Dancing while suspended in mid-air by only thin sheets of fabric will be just one of the techniques that the CORE Concert Dance Company will use in its Spring Collection 2008, which opens Feb. 27 at 8 p.m. and runs through March 1 in the New Dance Theatre in the dance building. Tickets for the performance are $15 and $10 for students and those older than 60.
Bala Sarasvati, CORE’s artistic director, said the performance remains close to the Spring Collection’s overall theme, incorporating a series of contemporary pieces that express art through various types of movement, including traditional, contact, improvisation, postmodern and experimental and interdisciplinary methods.

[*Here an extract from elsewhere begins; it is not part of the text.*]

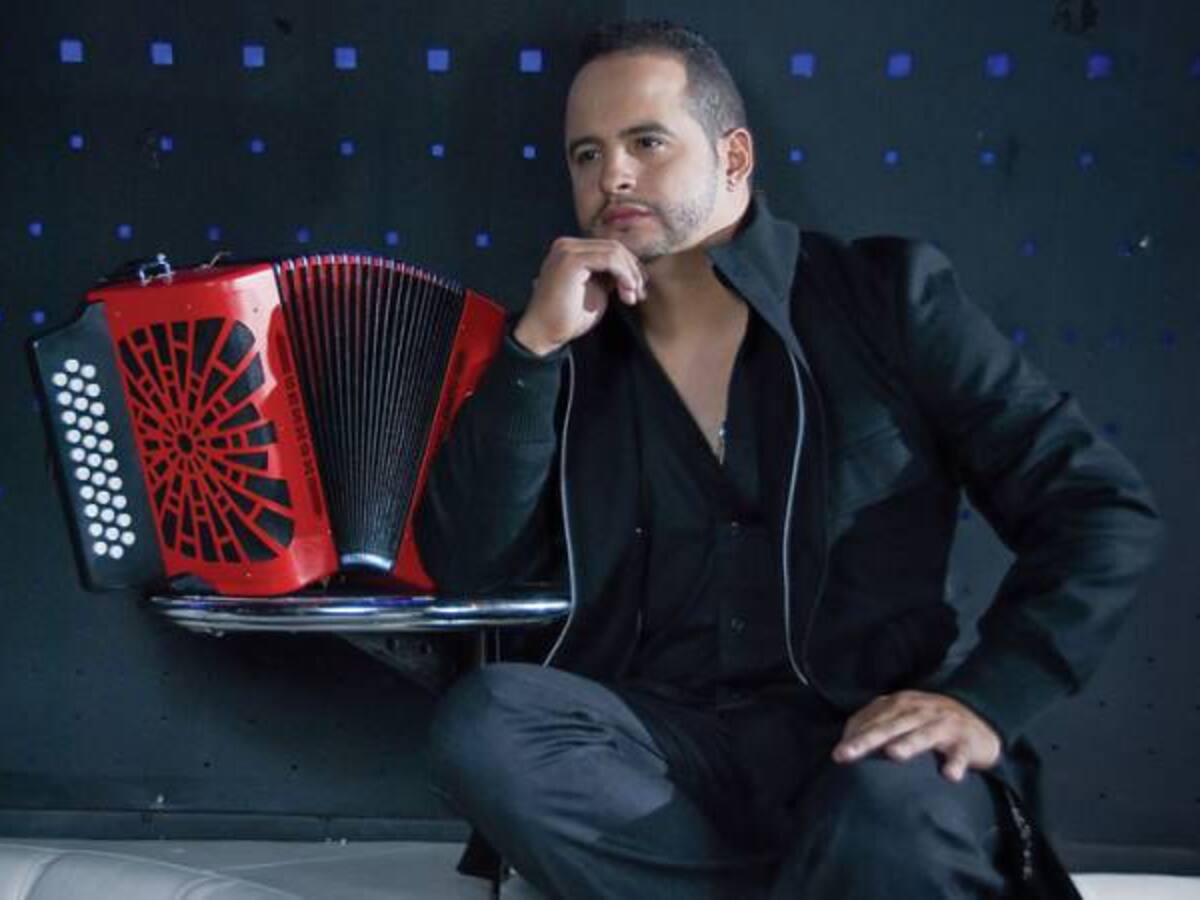 Los memes que generó el nuevo look de Nelson Velásquez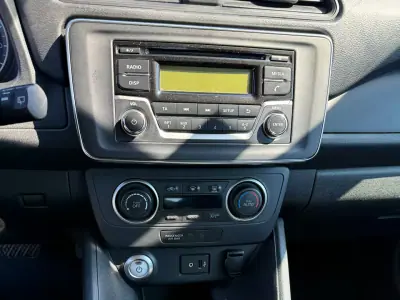 Nissan Leaf 2021 - 13900 EUR, 106000 km - AUTO.MOTO.pt - 106000km - foto 9 de 12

This year’s collection features five premieres, including Apogee/Perigee which symbolizes the moon’s orbit around the Earth; Text Message Fate, which examines not only the current social, political and economic state of the world, but also possible future changes. The piece fuses technology-based sound triggered by the motions of the dancers and features Leonard V. Ball Jr. and doctoral candidates from the Hugh Hodgson School of Music; and NO/ON, which addresses the overuse of the word “on” in dance. Stolen Generation (2003) also will be recreated by Sarasvati and Elsie Smith, a guest choreographer who has worked with Cirque du Soleil’s Saltimbanco and the Ringling Brothers and Barnum and Bailey Circus. The piece incorporates floor and aerial dance movements with performers suspended by fabric. Other pieces include Coeur de CORE (2006), The Call (2002), The Way She Moves (2007) and The Secret (premiere).